Shintaro ist sich nicht sicher, ob heute ein Trauertag oder ein Festtag ist. Auf dem Platz vor dem Hokageturm drängen sich die Einwohner Konohas, Shinobi und Zivilisten gleichermaßen, Kinder auf den Schultern ihrer Eltern, Uniformen, feierliche Kleidung. Seine Mutter Kaede neben ihm hat ein Taschentuch hervorgezogen und drückt es sich vor den Mund.

„Dieser Tag“, schallt die Stimme des dritten Hokage über die Menschenmenge hinweg, „soll in die Geschichte eingehen als der Tag, an dem der dritte große Krieg der Shinobi ein Ende gefunden hat.“

Er sieht alt aus, findet Shintaro, dieser kleine Mann in weißem Mantel und weißem Hut. Sein Gesicht ist müde und grau, aber er hält sich aufrecht, wie ein alter Baum, knorrig, aber ungebrochen. Einen Schritt hinter ihm steht der Vierte, den Blick ins Leere gerichtet, als sei er mit den Gedanken woanders. Anders als der Dritte hat er im Krieg gekämpft, denkt Shintaro. Er ist einer von ihnen.

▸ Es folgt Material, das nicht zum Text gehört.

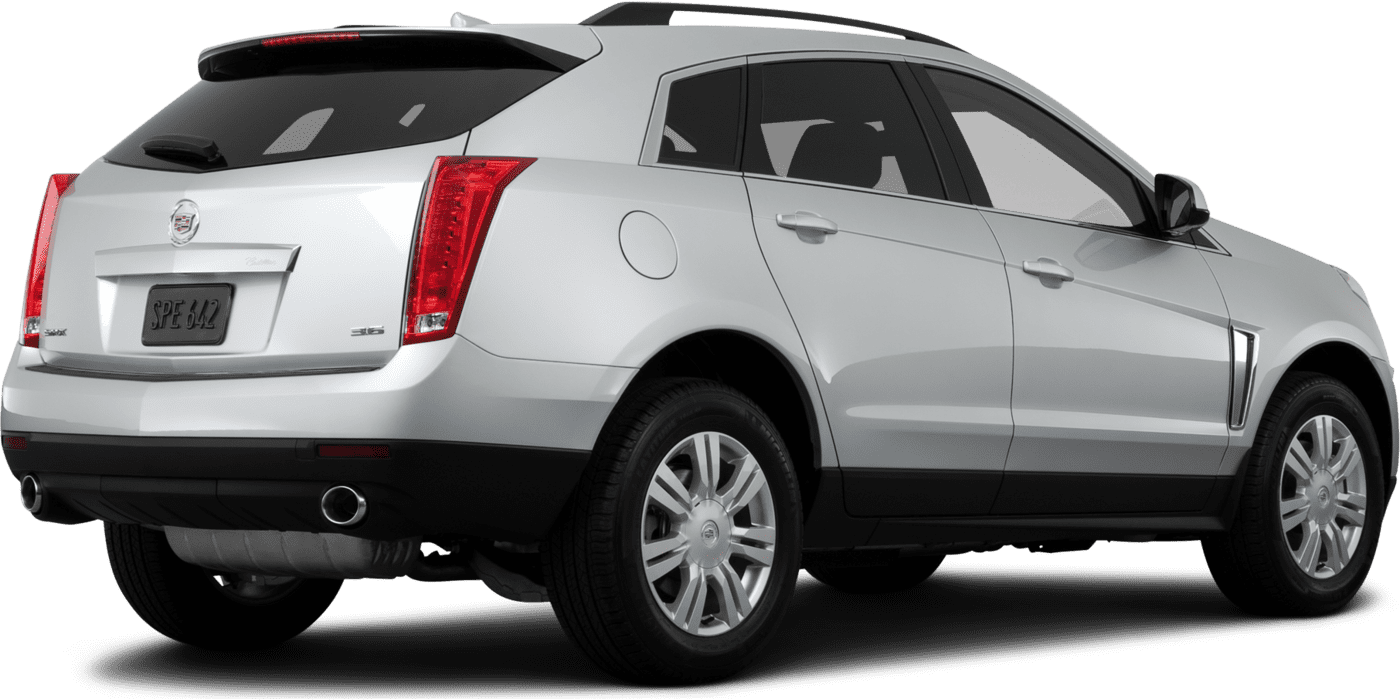 2015 Cadillac SRX Standard — SUV — 127,737 mi — Scottsdale, AZ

„Unsere Gedanken sind heute bei all denen, die ihr Leben gelassen haben für unseren Frieden. Lasst uns diesen Frieden, dieses Geschenk, für immer in Ehren halten.“

Kaede schluchzt leise auf, und Shintaro legt ihr den Arm um die Schulter. Nächste Woche wäre Vater dreiundfünfzig geworden, sie wären gemeinsam Essen gegangen, Shintaro hatte den Tisch schon reserviert. Jetzt bleibt ihnen nichts übrig, als mit den Gedanken bei ihm zu sein.

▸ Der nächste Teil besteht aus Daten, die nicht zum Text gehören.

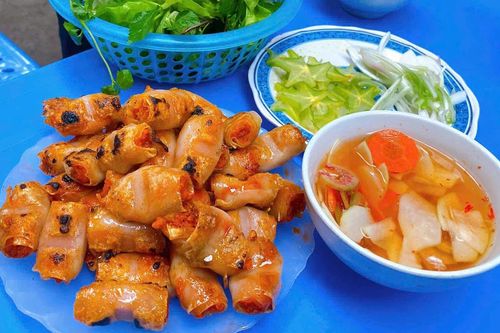 Đặc sản Thanh Hóa nướng than thơm nức, khách Hà Nội đặt 'ship' gần 180km về ăn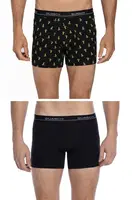 Pánske boxerky RUBENS z elastickej bavlny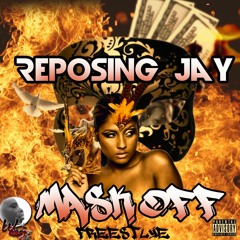 Mask Off "Freestyle" by Reposing Jay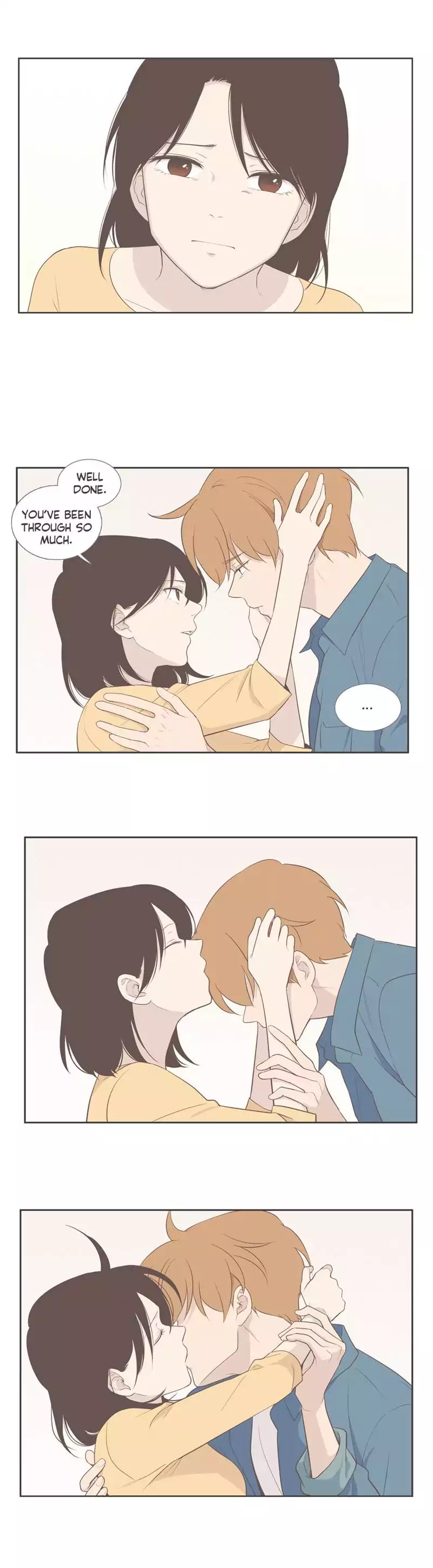 Our Relationship Is... Chapter 93 page 15 - Chapter 93: You and Me (1)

„Aber“, fährt der Hokage sanft fort, „lasst uns nicht ausschließlich trauern. Wir würdigen das Andenken an die Toten nicht dadurch, dass wir verzweifeln. Freuen wir uns an dem Neuanfang, der Konoha ermöglicht wurde. Heute ist ein Festtag.“

Also doch, denkt Shintaro. Das ist gut zu wissen.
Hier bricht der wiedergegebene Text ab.